*** Opening of GIVEN ENTRIES ***

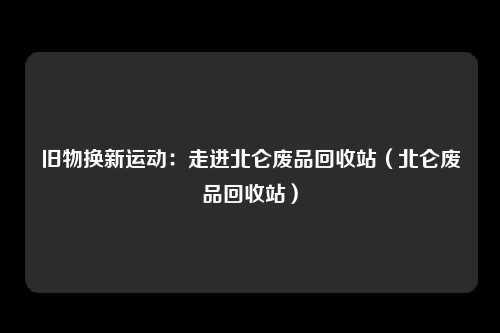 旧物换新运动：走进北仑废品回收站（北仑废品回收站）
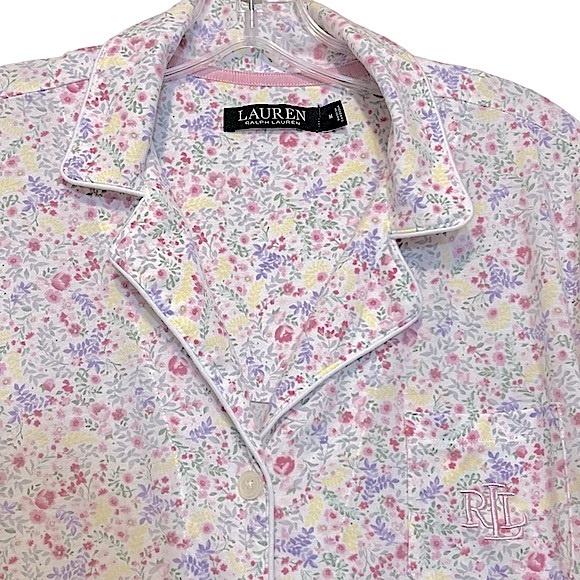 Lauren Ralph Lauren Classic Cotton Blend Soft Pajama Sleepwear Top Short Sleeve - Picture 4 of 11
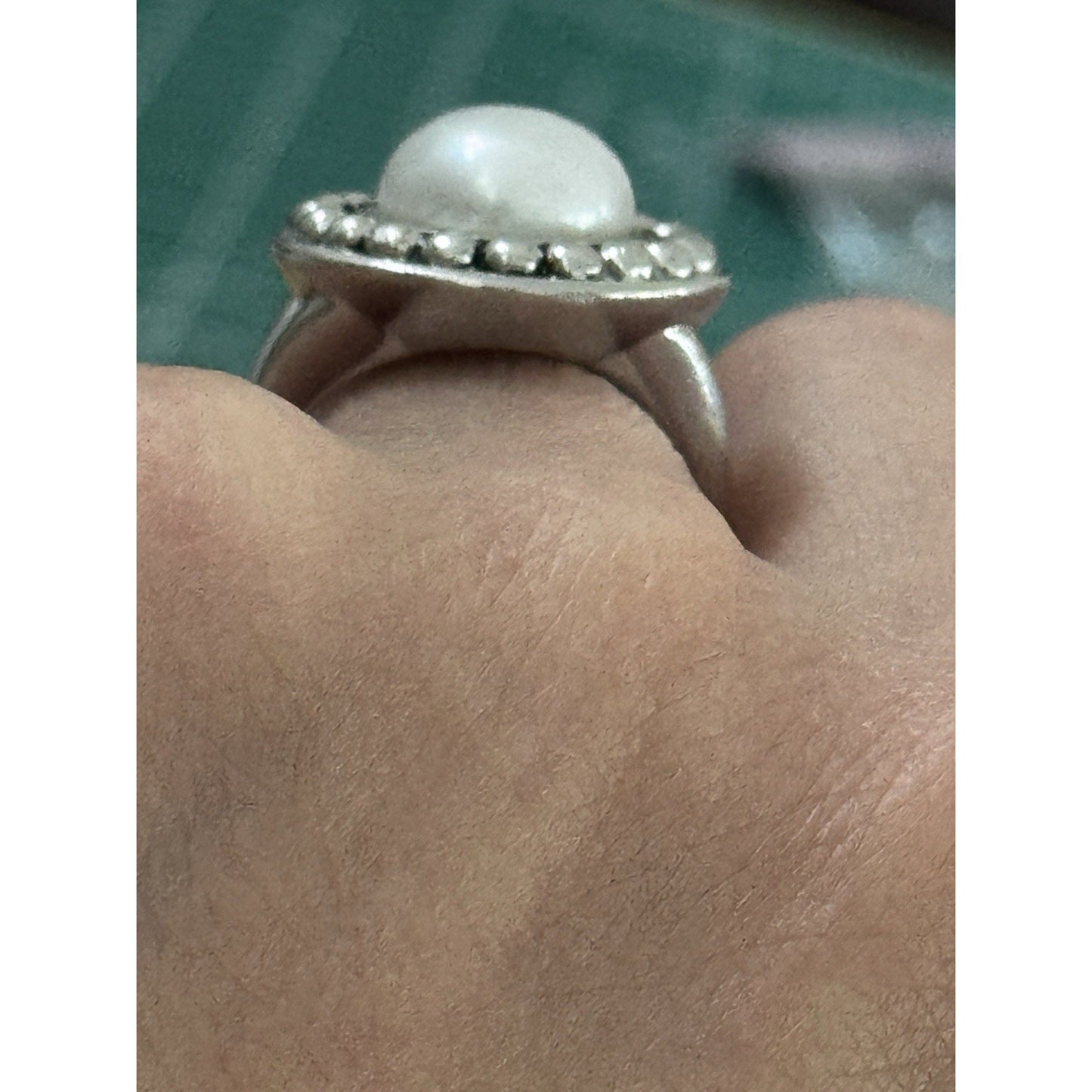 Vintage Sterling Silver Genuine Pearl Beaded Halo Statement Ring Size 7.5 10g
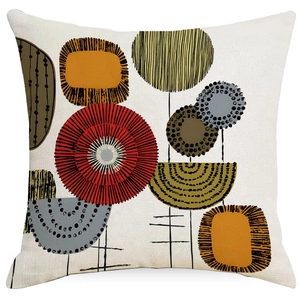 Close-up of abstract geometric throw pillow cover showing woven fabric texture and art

*** Close of GIVEN ENTRIES ***
*** Opening of GIVEN ENTRIES ***

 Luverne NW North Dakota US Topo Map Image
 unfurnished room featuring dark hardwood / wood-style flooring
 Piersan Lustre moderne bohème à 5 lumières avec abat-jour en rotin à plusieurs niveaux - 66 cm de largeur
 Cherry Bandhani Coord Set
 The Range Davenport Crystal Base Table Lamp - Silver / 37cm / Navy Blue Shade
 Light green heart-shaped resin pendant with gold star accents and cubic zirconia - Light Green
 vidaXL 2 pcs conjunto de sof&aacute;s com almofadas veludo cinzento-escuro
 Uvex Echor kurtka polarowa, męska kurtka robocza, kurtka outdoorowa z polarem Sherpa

*** Close of GIVEN ENTRIES ***
*** Opening of GIVEN ENTRIES ***

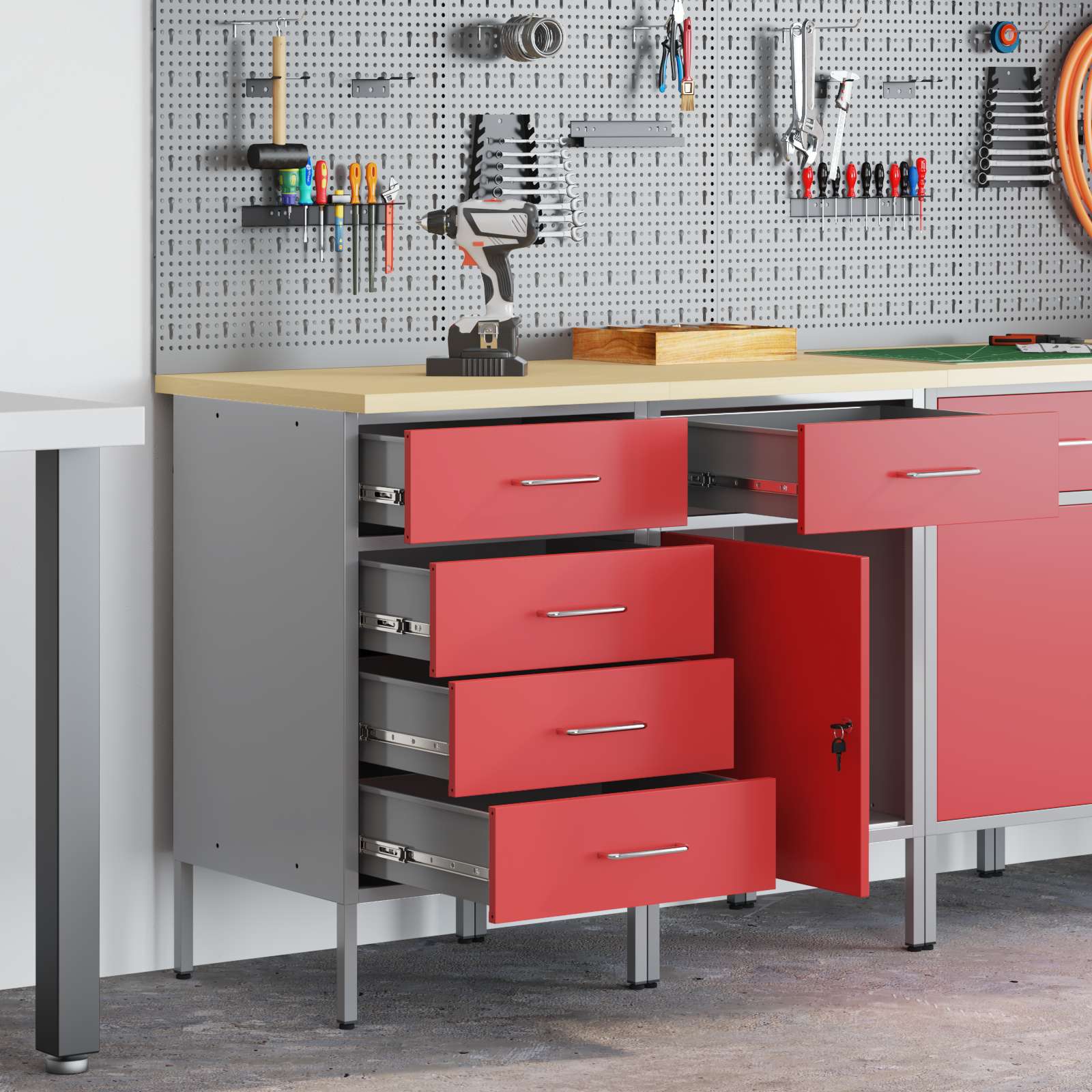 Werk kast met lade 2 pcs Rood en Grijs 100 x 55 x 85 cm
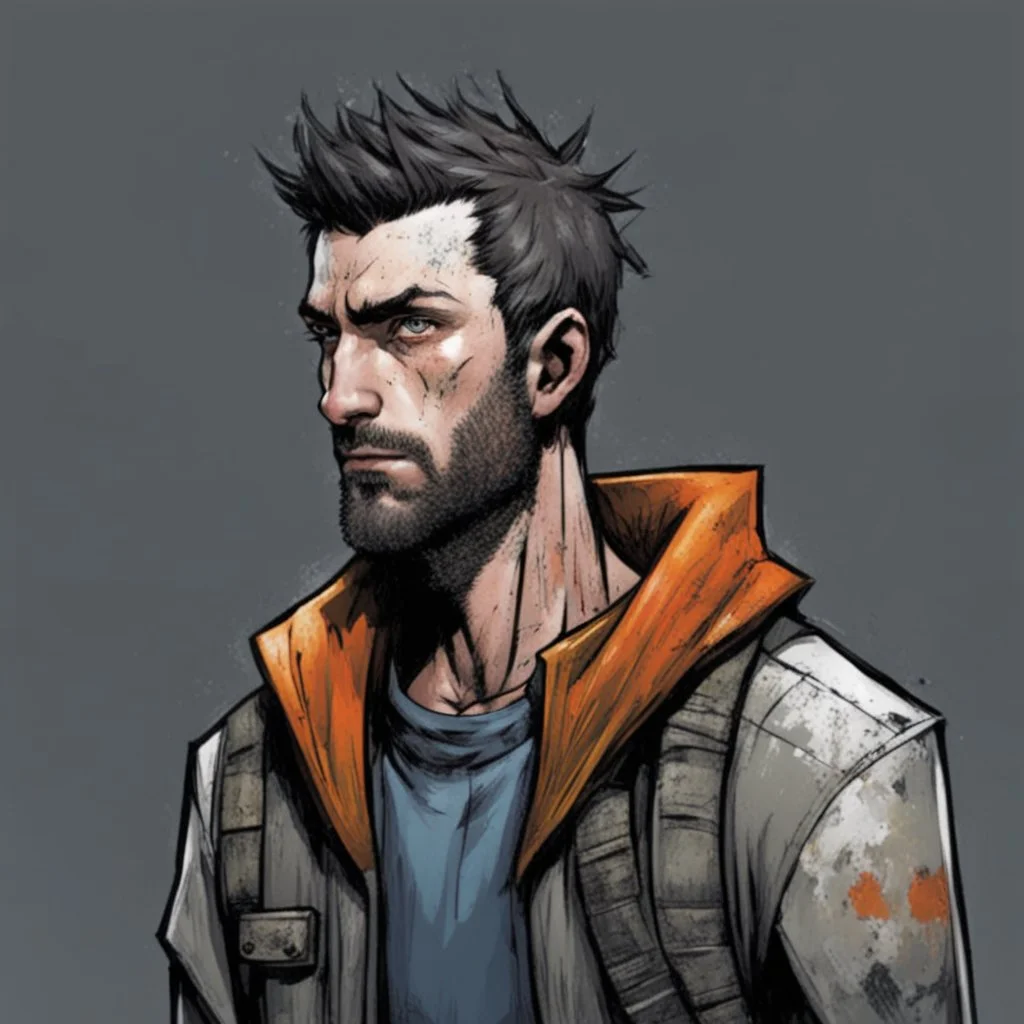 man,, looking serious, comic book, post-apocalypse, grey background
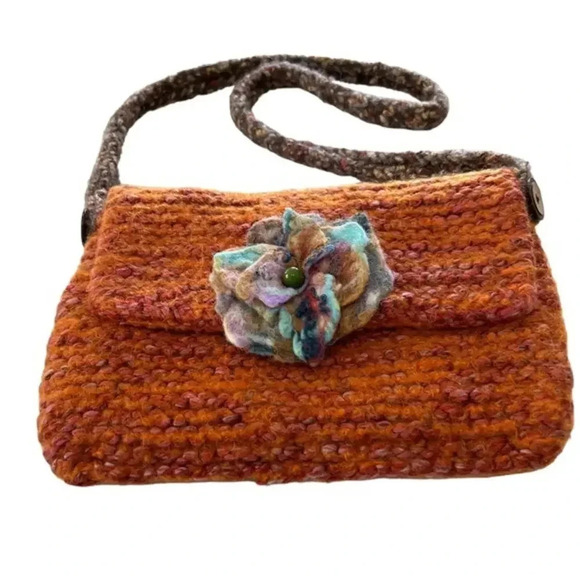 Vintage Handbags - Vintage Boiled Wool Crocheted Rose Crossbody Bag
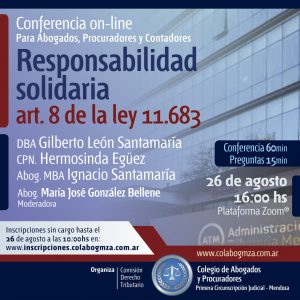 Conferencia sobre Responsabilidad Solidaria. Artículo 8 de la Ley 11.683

*** Close of GIVEN ENTRIES ***

> **YOUR INSTRUCTIONS**: Copy out only the lines above from the one with "unfurnished room featuring" to the one with "Light green heart-shaped", inclusive, exactly as they stand.

> **SOLUTION TO THIS TASK**:
 unfurnished room featuring dark hardwood / wood-style flooring
 Piersan Lustre moderne bohème à 5 lumières avec abat-jour en rotin à plusieurs niveaux - 66 cm de largeur
 Cherry Bandhani Coord Set
 The Range Davenport Crystal Base Table Lamp - Silver / 37cm / Navy Blue Shade
 Light green heart-shaped resin pendant with gold star accents and cubic zirconia - Light Green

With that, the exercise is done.